New York Times: A Lasting Gift to Medicine That Wasn’t Really a Gift
The New York Times has a fascinating story that raises questions about the privacy of a person’s medical data and what rights a person has to their own tissue:
The story began in January 1951, when Mrs. Lacks was found to have cervical cancer. She was treated with radium at Johns Hopkins, the standard of care in that day, but there was no stopping the cancer. Her doctor had never seen anything like it. Within months, her body was full of tumors, and she died in excruciating pain that October. [...]
Neither Mrs. Lacks nor any of her relatives knew that doctors had given a sample of her tumor to Dr. George Gey [...]
A cell line called HeLa (for Henrietta Lacks) was born. Those immortal cells soon became the workhorse of laboratories everywhere. HeLa cells were used to develop the first polio vaccine, they were launched into space for experiments in zero gravity and they helped produce drugs for numerous diseases, including Parkinson’s, leukemia and the flu. By now, literally tons of them have been produced.
Dr. Gey did not make money from the cells, but they were commercialized. Now they are bought and sold every day the world over, and they have generated millions in profits.
The Lacks family never got a dime. [...]
When they learned that their mother’s cells had saved lives, the family felt proud. But they also felt confused, a bit frightened, used and abused. It had never occurred to anyone to ask permission to take their mother’s tissue, tell them that her cells had changed scientific history or even to say thank you. And certainly no one had ever suggested that they deserved a share of the profits.

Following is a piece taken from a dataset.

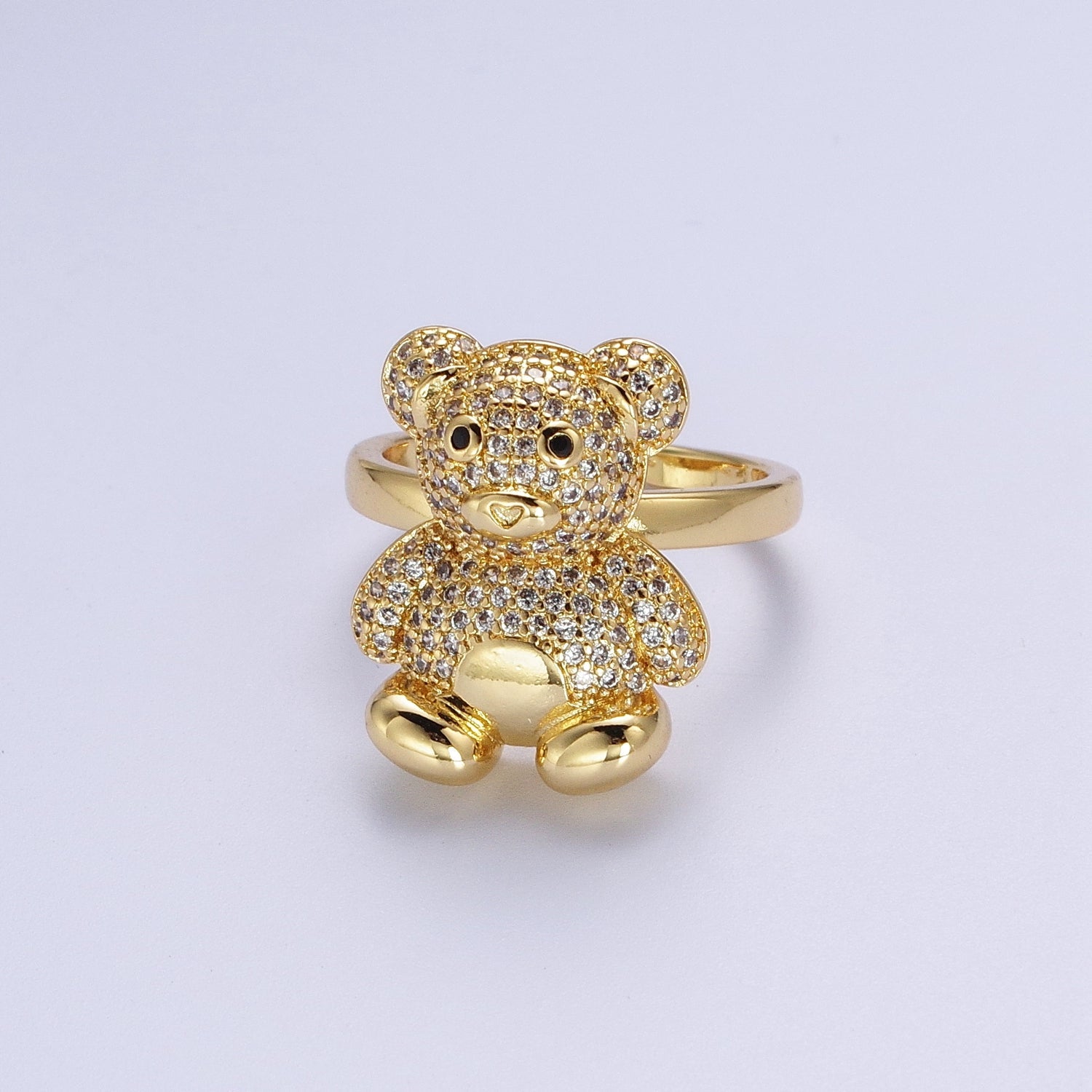 Gold Micro Paved Teddy Bear Cubic Zirconia CZ Adjustable Ring | Y319 - DLUXCA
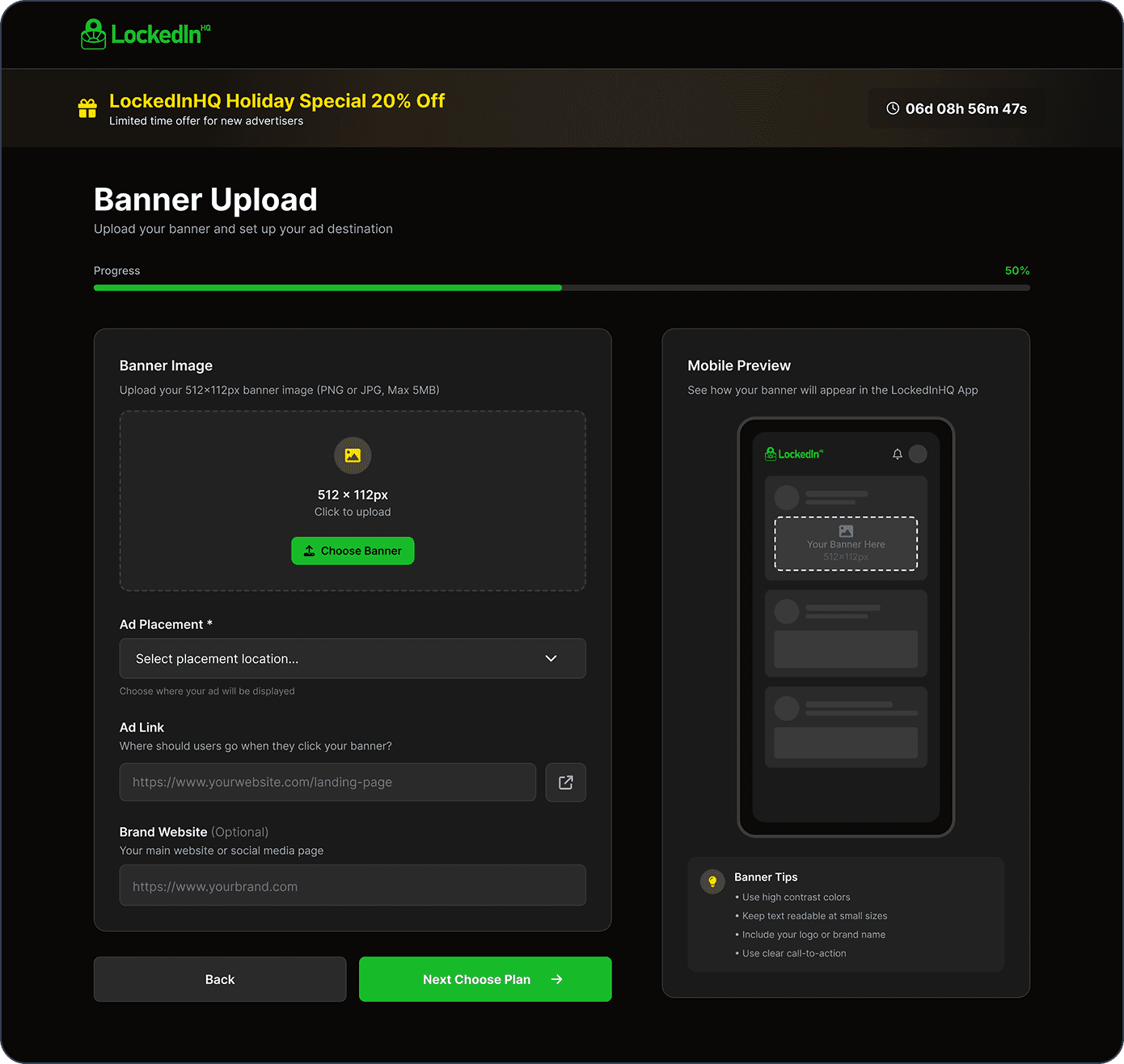 Ad registration submission flow step two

Some of the Lackses later gave blood to Hopkins researchers, thinking they were being tested for cancer, when really the scientists wanted their genetic information to help determine whether HeLa cells were contaminating other cultures. [...]
Ideas about informed consent have changed in the last 60 years, and the forms now given to people having surgery or biopsies usually spell out that tissue removed from them may be used for research. But [journalist Rebecca] Skloot points out that patients today don’t really have any more control over removed body parts than Mrs. Lacks did. Most people just obediently sign the forms.
Which is as it should be, many scientists say, arguing that Mrs. Lacks’s immortal cells were an accident of biology, not something she created or invented, and were used to benefit countless others. Most of what is removed from people is of no value anyway, and researchers say it would be too complicated and would hinder progress if ownership of such things were assigned to patients and royalties had to be paid.